Republican presidential candidate Dr. Ben Carson has a healthcare reform proposal that's a reminder of why business and investment advisers long have made fun of physicians. Because they are experts in medical matters, doctors tend to think they are experts in everything.
Having interviewed hundreds of physicians over the years, I've found that even those who have not specifically studied health policy often think they know the solutions to the most intractable health policy dilemmas. Along comes Carson, who was director of pediatric neurosurgery at Johns Hopkins Children's Center, and who was undoubtedly a brilliant surgeon. He wants to perform radical surgery on Medicare and Medicaid. But his proposal shows little understanding of how health insurance works.
Carson, who leads the polls among Republicans in Iowa, told Fox News Sunday that he wants to make health savings accounts available to all Americans “from the time you are born until the time you die.”
He would fund this at least partly by using dollars now spent on Medicaid and Medicare. That “largely eliminates the need for people to be dependent on government programs” like Medicaid and Medicare, he said.
Still, he denies that he wants to eliminate the two giant healthcare insurance programs.
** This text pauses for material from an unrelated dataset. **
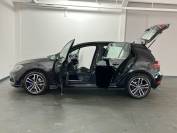 VOLKSWAGEN GOLF 2020 (20)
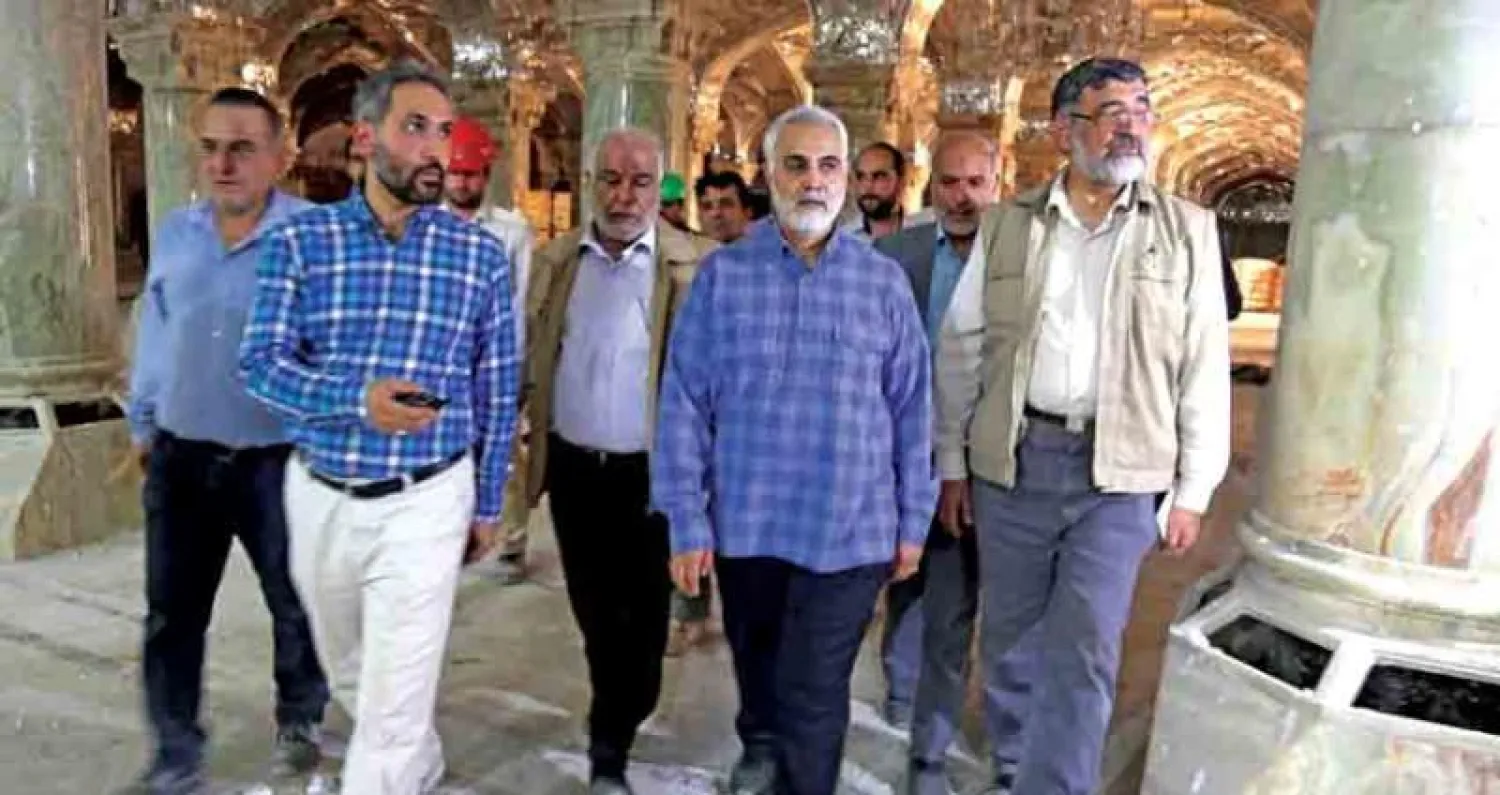 صورة نشرتها أمس وكالة «تسنيم» التابعة لـ«الحرس» الإيراني لقائد فيلق القدس قاسم سليماني في النجف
If some Americans prefer to stay in Medicaid or Medicare rather than use his proposed new HSA program, “I'm not going to deny you the privilege of doing that,” he said.
Carson said that by giving poor people more control over their healthcare dollars, “You're teaching that person personal responsibility versus dependency.”
He previously proposed funding everyone's HSA with annual $2,000 government payments, which would come out to about $600 billion a year with the current U.S. population. To some extent, Carson seems to be borrowing ideas from a much-discussed 2009 article in the Atlantic Monthly by David Goldhill entitled "How American healthcare killed my father."
Goldhill, however, advocated HSAs in conjunction with a universal system of mandatory, very high-deductible health plans—not something that Carson, an ardent Obamacare foe, would likely consider.
Without more details than Carson has provided, it's impossible to fully evaluate his plan, or for the Congressional Budget Office to price it out. But it is possible to say that making Medicare and Medicaid voluntary programs would unravel the insurance risk pool in the same way that proposals to make Social Security voluntary would unravel the retirement safety net.
Younger, healthier and more affluent Americans could take Carson's government-provided HSA money and combine it with their own funds to buy comprehensive health insurance plans or pay for their own care out of pocket. But older, sicker and poorer Americans who wanted to stay in a government health insurance program would have to pay much higher premiums and likely accept less-comprehensive benefits because the safer insurance risks had exited the program.
Actuaries call that an insurance death spiral. That apparently lies outside Dr. Carson's medical expertise.